The American Bankers Association (ABA) has reminded its members and others in the industry that the next few months are critical to lenders because of an even dozen new rules and regulations that are pending.   Comment periods are still open on some of the changes, affected parties need to be preparing to adapt to others, while some issues will require more time and discussion before any decisions are made

Get out your calendars.

Comments are due September 7 on two issues.  The Federal Housing Finance Agency has voiced objections to proposals from the City of Chicago and two California communities to use eminent domain to seize performing mortgages and restructure them to reflect current market value of the collateral.  FHFA is requesting input on its concerns.

The second comment period ending that day regards a proposed rule from the Consumer Financial Protection Bureau (CFPB) that would expand the definition of "high cost mortgages" and increase restrictions on them.  A final rule is due on or before January 21, 2013.

October 9 is the deadline for comments on proposed RESPA and Truth in Lending Act (TILA) rules that will require servicers to provide borrowers with periodic statements, rate reset notices, and error resolution.   ABA has expressed concern that these new rules will prose an undue burden on servicers, particularly small firms.

While the most significant appraisal reforms are already in place, CFPB has formulated the final Dodd-Frank appraisal reforms which require physical property visits and new requirements for appraisal independence.  Final comments are due by October 15.

Comments are also due by October 15 on a joint proposal from six federal regulators to require lenders writing high-risk mortgages to provide borrower with a free copy of appraisal reports and imposes other documentation requirements.

The most recent set of proposed rules governing loan originator compensation by CFPB are open for comments until October 16.  ABA has expressed concern that these rules will open lenders to massive liability risks.

Final rules for all four of the rules sets listed above must be finalized on or before January 21, 2013.

After months of draft disclosures CFPB has invited comments on proposed merged RESPA and TILA forms.  ABA has expressed concern that the 1,100 page CFPB proposal neither adequately simplifies the forms nor takes into account other pending mortgage reforms.  Comments are due November 6.

In addition to the open comment periods, ABA also reminded its members and others in the industry of pending issues and discussions of which they should be aware.  These include:

  • GSE Reform.

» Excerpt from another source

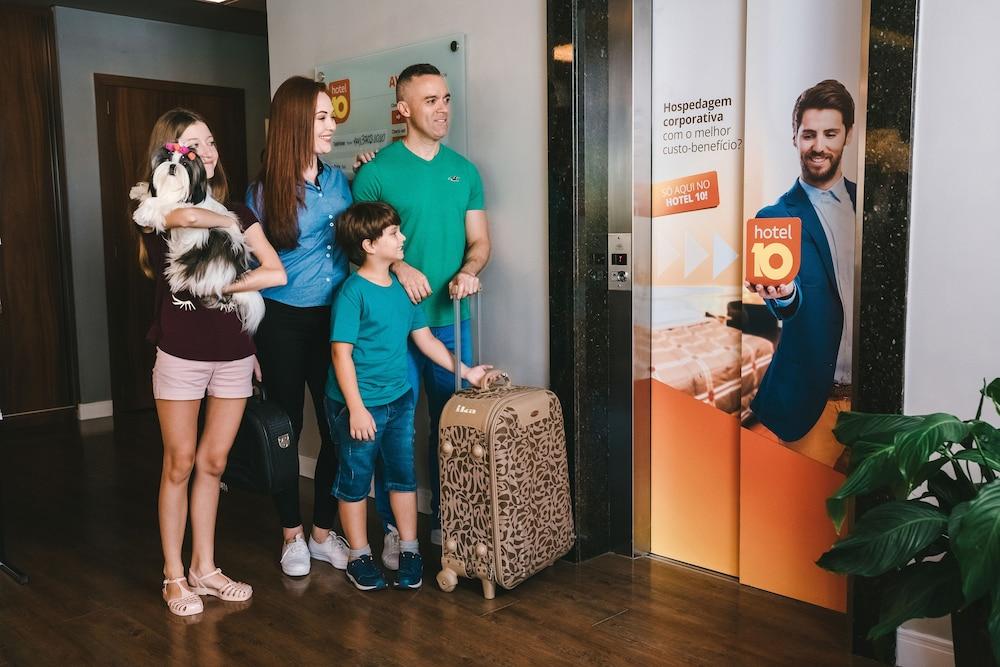 Hotel 10 Joinville Ngoại thất bức ảnh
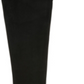 Bar III Women's Vayla Faux Suede Knee-High Riding Boots  Black Size 6.5 M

While a strategic plan was issued over a year ago by FHFA, it is unlikely that Congress will undertake any resolution of the Fannie Mae and Freddie Mac conservatorships until after the election. ABA generally supports FHFA's proposals but says there are likely to be further develops that will impact the GSEs in the near term such as the use of income from increased guarantee fees.
  • Final Escrow Rule: A Federal Reserve rule amending TILA to lengthen the time requirement for maintaining escrow accounts for high-priced mortgages is still pending. ABA is concerned that the rule imposes heavy disclosure requirements beyond those mandated by Dodd-Frank and that the Federal Reserve has exceeded its authority in proposing the rule. ABA expects a final rule in December.
  • Fair Lending: ABA said that Fair lending issues continue to be a top priority for lenders. There is a proposed rule from Housing and Urban Development (HUD) and other proposals from federal regulators that are likely to increase federal scrutiny in this area.
  • Ability to Repay and Qualified Mortgages. The proposed rule establishes standards for qualified mortgages which are expected to set the threshold for determining which mortgages meet the ability to repay standards of Dodd-Frank. ABA said that this rule risks transforming the mortgage market in ways "that dramatically harm credit availability, the viability of the mortgage lending business and the housing recovery." ABA is strongly advocating for the inclusion of a legal safe harbor over a lesser "rebuttable presumption" standard. The final rule is due January 21, 2013.
  • Risk Retention and Qualified Residential Mortgages. ABA expects that, following an earlier comment period, the Federal Reserve and other agencies will re-propose the rule, probably after CFPB finalizes its own qualified mortgage rulemaking.